I have a php (7.4) function which produces a large (200k lines, 10mb) csv file which internal users can download and manipulate.
If the user parses the file with python or some other script then they see all the data.
If the user opens Excel, selects import from csv, then specifies '65001: Unicode (UTF-8)' then they see all the data.
Unfortunately users click on the file in the download manager or file explorer and Excel tries to parse the file as '1252: Western European (Windows)' - in this case they get about 99% of the data with a few corrupt lines thrown in.
I want to remove the problem data at source and continue generating csv so as not to break downstream processes.

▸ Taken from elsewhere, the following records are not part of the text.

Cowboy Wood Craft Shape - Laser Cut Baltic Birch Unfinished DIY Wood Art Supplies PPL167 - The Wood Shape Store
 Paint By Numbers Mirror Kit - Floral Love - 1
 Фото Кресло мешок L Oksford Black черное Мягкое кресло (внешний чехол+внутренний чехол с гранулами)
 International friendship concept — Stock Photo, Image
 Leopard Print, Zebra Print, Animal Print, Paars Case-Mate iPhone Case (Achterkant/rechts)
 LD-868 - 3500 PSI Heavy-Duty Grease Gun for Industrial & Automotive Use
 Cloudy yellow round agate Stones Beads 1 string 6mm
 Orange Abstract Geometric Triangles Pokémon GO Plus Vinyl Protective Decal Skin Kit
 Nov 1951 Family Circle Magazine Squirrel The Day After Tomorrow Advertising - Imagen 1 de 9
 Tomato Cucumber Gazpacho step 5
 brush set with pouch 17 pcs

This python script identifies the problem records:
#! /usr/bin/env python3
import re
with open('file.csv') as f:
c = 0
d = 0
ct = {}
for l in f:
x = re.sub('[ -~]', '', l.rstrip())
if x != "":
d += 1
print("c:{} '{}' '{}'".format(c,x,l.rstrip()))
for y in x:
print(ord(y), hex(ord(y)), y.encode('utf-8'))
if ord(y) in ct:
ct[ord(y)] = ct[ord(y)] + 1
else:
ct[ord(y)] = 1
c += 1
print("Found {} problem lines out of {} total".format(d, c))
print(ct)
For example:
c:19286 '⿬⿬' '..."Come back an⿬~⿬ back"...'
226 0xe2 b'\xc3\xa2'
191 0xbf b'\xc2\xbf'
172 0xac b'\xc2\xac'
226 0xe2 b'\xc3\xa2'
191 0xbf b'\xc2\xbf'
172 0xac b'\xc2\xac'
How do I match and replace/remove ⿬
in php?
I'm trying the below, but it isn't doing anything:
$new = str_replace(
array(
"\u{00e2}",
"\u{00c3}\u{00a2}",
"\u{00e2}\u{00bf}\u{00ac}",
"\u{00c3}\u{00a2}\u{00c2}\u{00bf}\u{00c2}\u{00ac}",
),
array(
"#e2#",
"#c3a2#",
"#e2/bf/ac#",
"#c3a2/c2bf/c2ac#",
),
$text
);
EDIT:
Corrected the 226 code point to e2.
This didn't solve the issue.
⿬
is the representation from python, excel renders it as a white square box containing a question mark (not a diamond)